The British Brands Who've Conquered America

When shirtmaker Charles Tyrwhitt opened its first American store on Madison Avenue in 2002, the shop-front was emblazoned with a Union Jack announcing ‘The Brits are Coming’. Charles Tyrwhitt was following Thomas Pink’s lead, which had opened ‘largest shirt shop in the world’ on 52nd Street a few years earlier, selling shirts at around $140, over twice the British price. Thomas Pink’s gamble paid off as LVMH later bought the company for millions. With Brexit looming, British brands feel under more pressure than ever to have an international presence if they are ever to attract this kind of lucrative sale. It’s why so many brands are eager to enter the American market.

From London to Miami

Crossing The Pond: The British Brands Who've Conquered America

Bluebird, NYC

For a while, the Brits were apparently storming America. Take British members’ club Soho House, which opened in Manhattan’s meatpacking district in 2003. It was so achingly hip that it featured in Sex and the City. Today the brand has clubs in Miami, Malibu, West Hollywood, Chicago and Brooklyn and the new Ludlow House on Manhattan’s lower east side.

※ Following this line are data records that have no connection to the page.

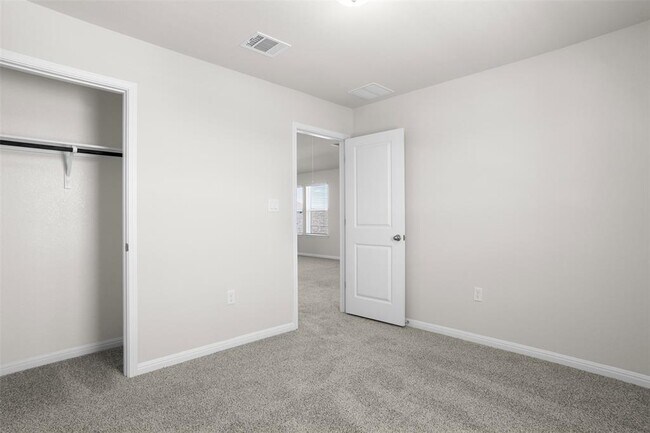 Building Photo - 109 Zinnia Ln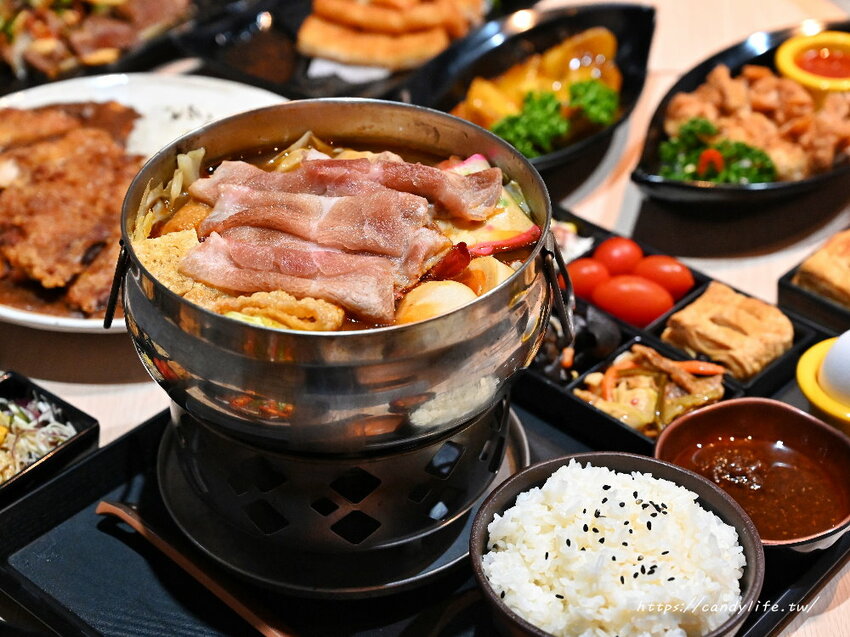 Safe茶館|台中24小時茶館推薦,超過百種餐點,結合運彩,還可以揪朋友來打牌、自備桌遊來玩~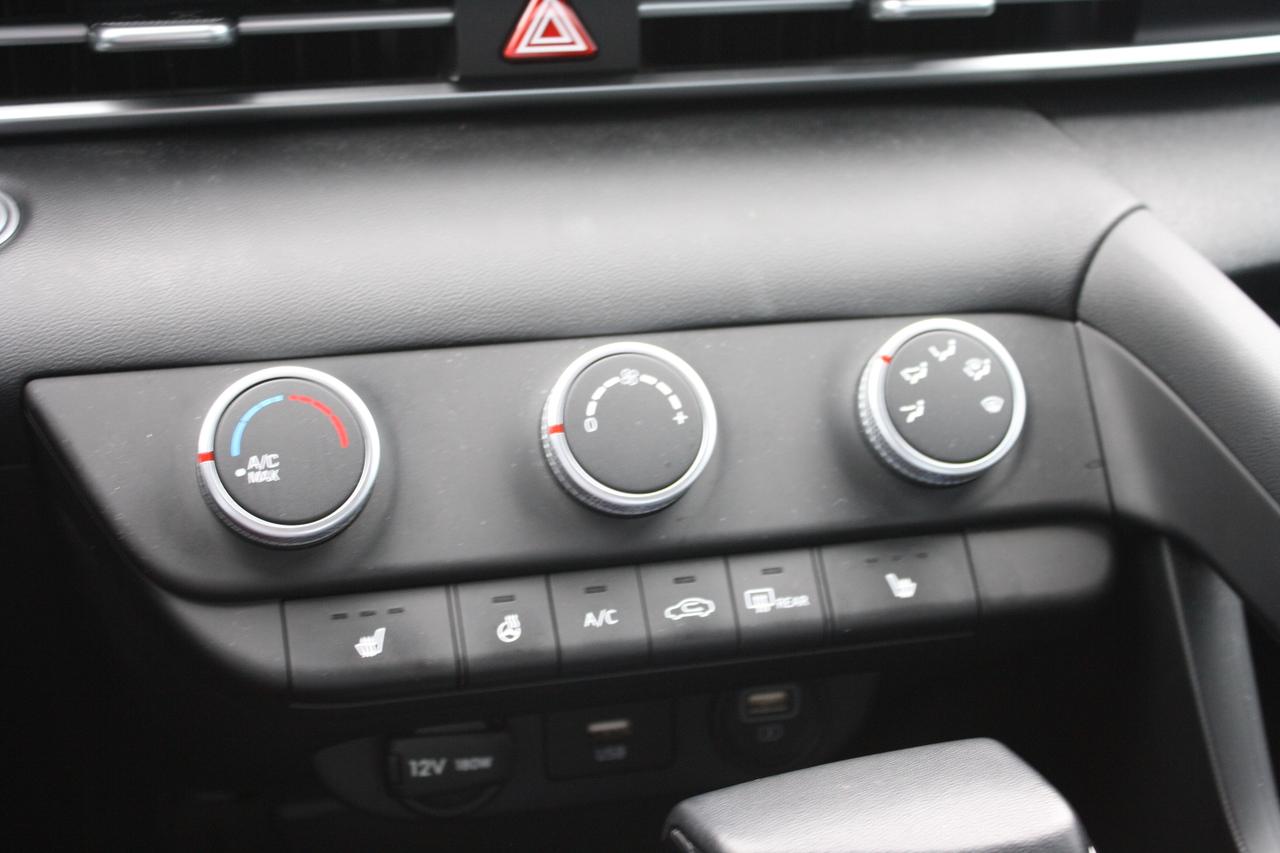2023 Hyundai Elantra Preferred IVT Photo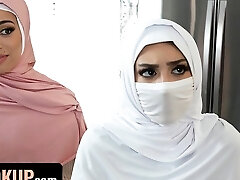 Hijab Hookup - Guiltless Nubile Violet Gems Loses Herself And Finds A Side She Never Knew Existed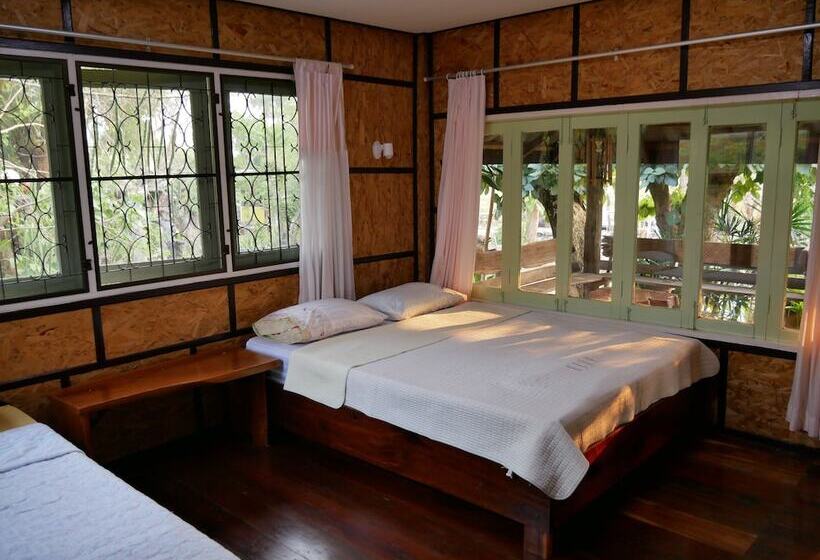 Hotel Sakul Kaew Resort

Birmingham chef, April Bloomfield, has a James Beard award (the American restaurant world’s equivalent to The Oscars) for Best New York Chef and two Michelin stars – one for her West Village gastropub The Spotted Pig and the other for The Breslin at the Ace hotel. D&D London has just opened its first US outpost Bluebird, the landmark Chelsea café and restaurant formerly on Kings Road, on Columbus Circle last September serving traditional British food like fish and chips, beef Wellington and full English breakfast with black pudding and baked beans. Recently, it was announced that Robin Birley, owner of legendary members’ club 5 Hertford Street, is to open a club on Union Square.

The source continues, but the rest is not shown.